> _What you have to do_
Reproduce exactly the span of lines beginning at the one with "Picture 1 of the Turk's Cap Lily" and ending at the last line of the data below, omitting pictures.

> _Dataset records_
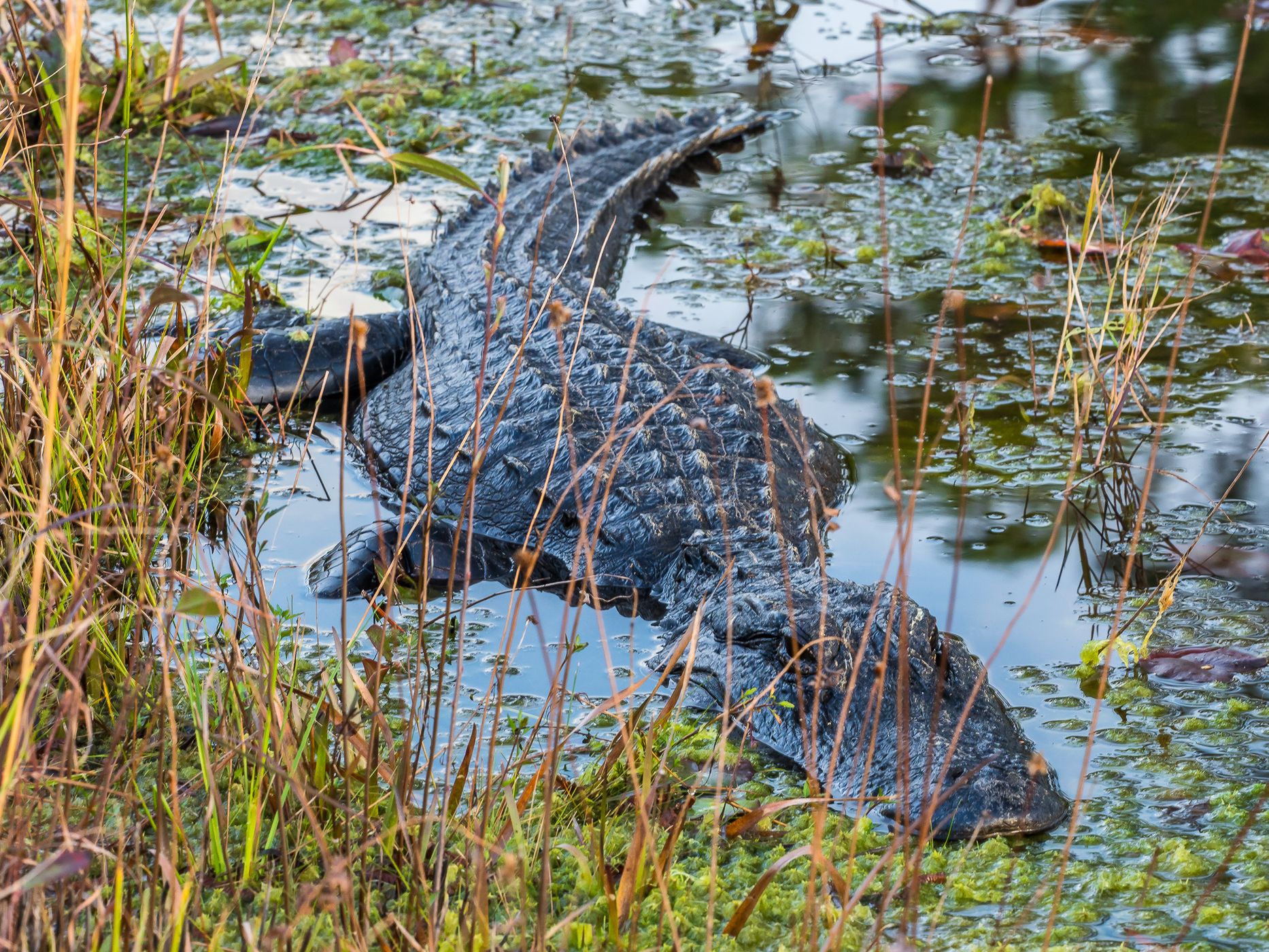 The Okefenokee National Wildlife Refuge, USA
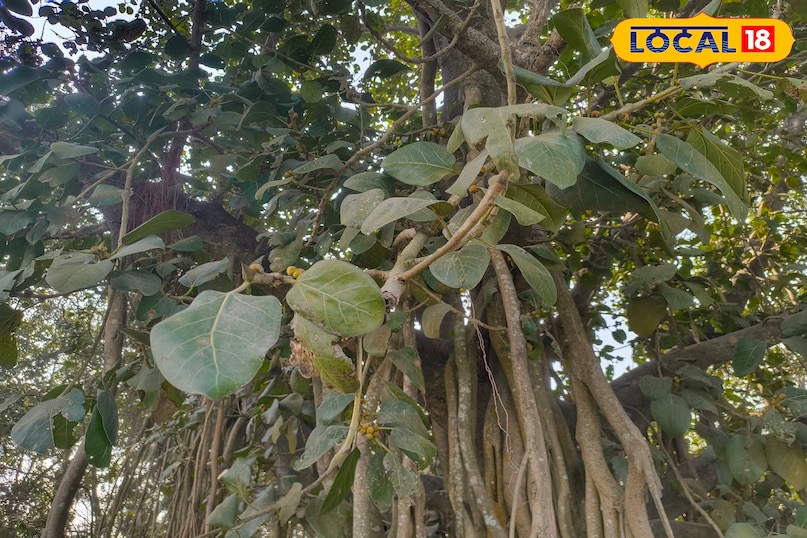 স্বাস্থ্য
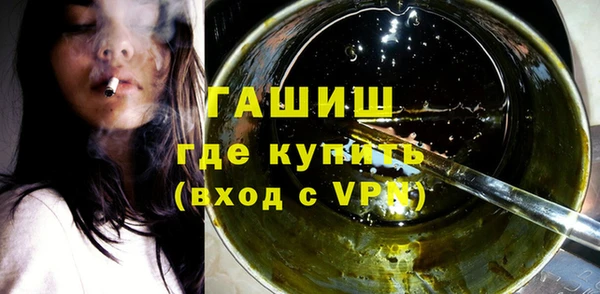 индика Вяземский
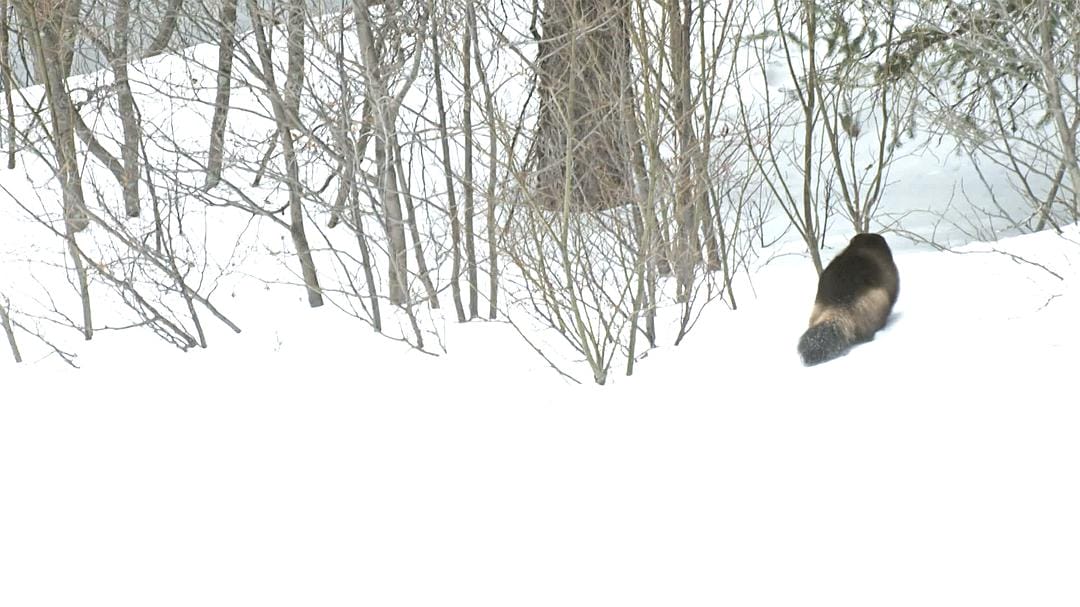 野性加拿大 第一季 Wild Canada Season 1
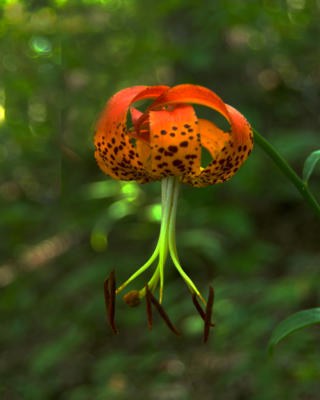 Picture 1 of the Turk's Cap Lily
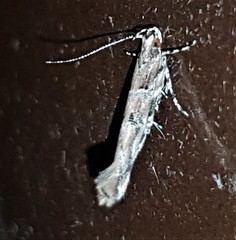 Anatrachyntis rileyi
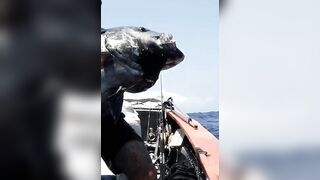 Rodrigues Expedition 24: monster GT, попперы, джиг и хлёсткие проводки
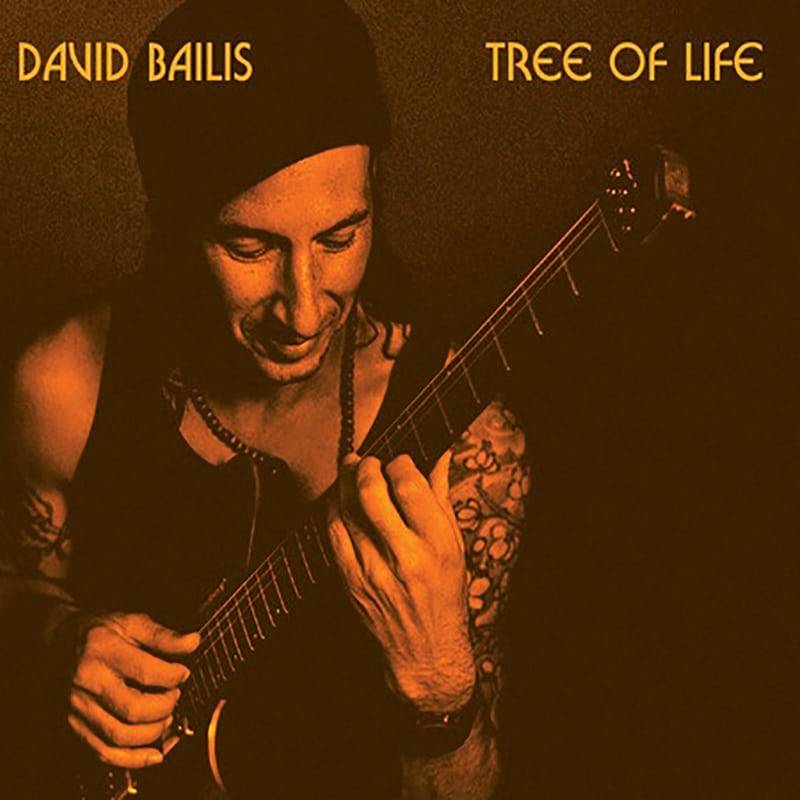 David-Bailis-Tree-of-Life-COVER-2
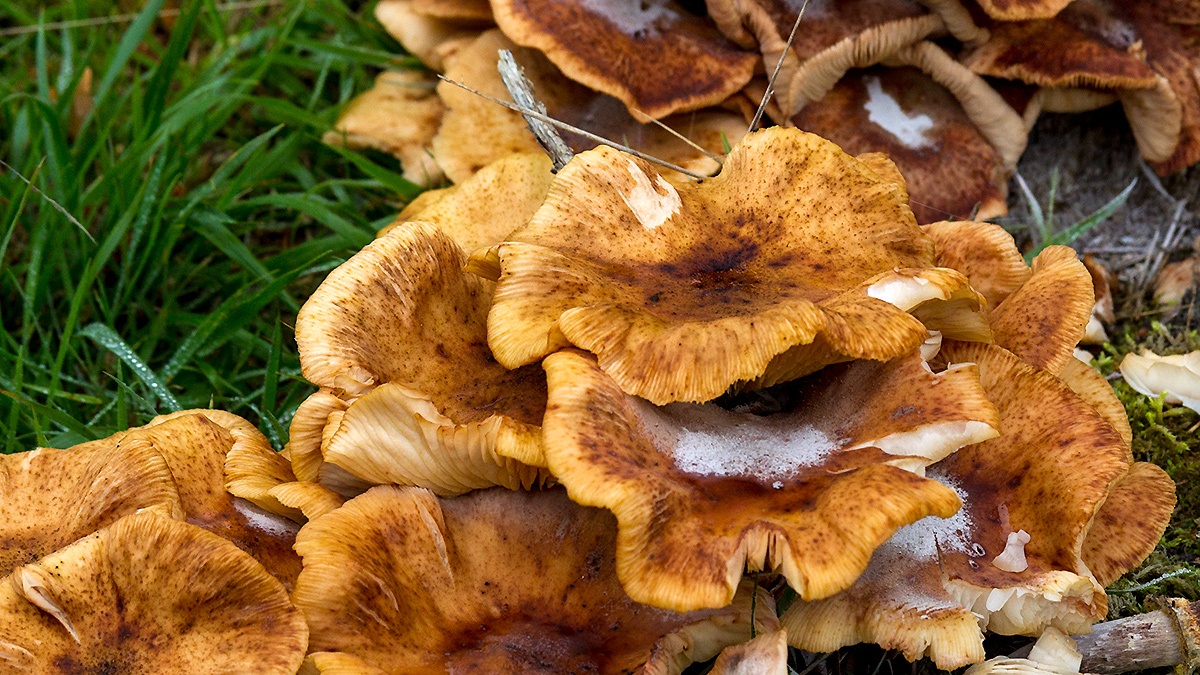 Honey Fungus [Armillaria mellea]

> _Reply_
 Picture 1 of the Turk's Cap Lily
 Anatrachyntis rileyi
 Rodrigues Expedition 24: monster GT, попперы, джиг и хлёсткие проводки
 David-Bailis-Tree-of-Life-COVER-2
 Honey Fungus [Armillaria mellea]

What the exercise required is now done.